Without the property investor having to daily ‘be there, at work,’ (at the building), passive income is money coming in, day-in and day-out. It’s called rent payment.
For a share market investor, passive income is also money coming in, day-in and day-out, without the share market investor having to ‘be there,’ at work. It’s called a dividend payment. There are major benefits to property ownership/investment:
- Ownership of a tangible asset, real estate – a property with a building on it;
- Most people can tell by inspection whether or not a property and building looks well built, well maintained and durable;
- The idea is easy to grasp. Buy a building – get a tenant, collect the rent;
- Generally, getting in or out of property investment is straight forward and usually without any financial losses;
- Because it’s an easy idea to grasp, most modest-sized property investors ‘manage’ their own rentals;
- Financial Institutions are usually keener to lend money on property than other forms of investment;
- Tax deductions are more readily available on property than on other forms of investment;
- While providing immediate rental income and tax deductions, real estate usually appreciates (goes up) in value.

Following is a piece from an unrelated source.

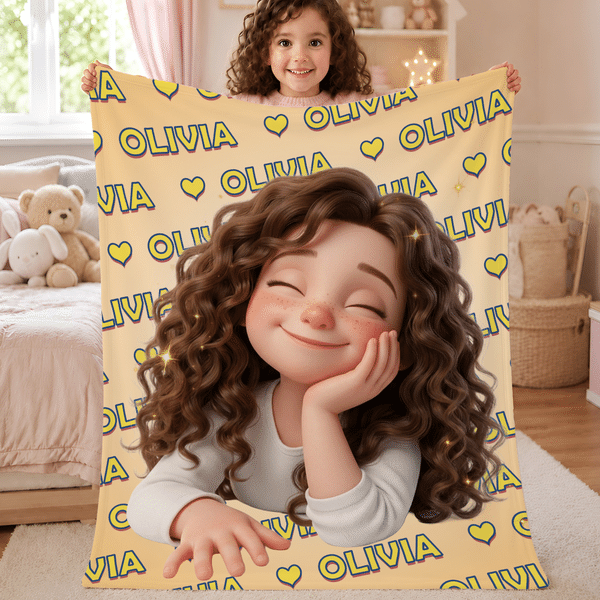 Personalized Multicolour 3D-Style Character Artwork Plush Photo Soft Throw Blanket with Name Home Decor Birthday Gift for Kids Family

Of course, those are a few simple points. There are also repairs and maintenance, mortgage payments, rates bills, insurance costs and so on, to consider.
Nothing is certain. Tenants may fail to pay the rent. Share markets may collapse. Buildings can be damaged. Individuals companies can have their share price shrink unexpectedly. The back-and-forth of the pros and cons of each, as passive income generators, goes on, endlessly.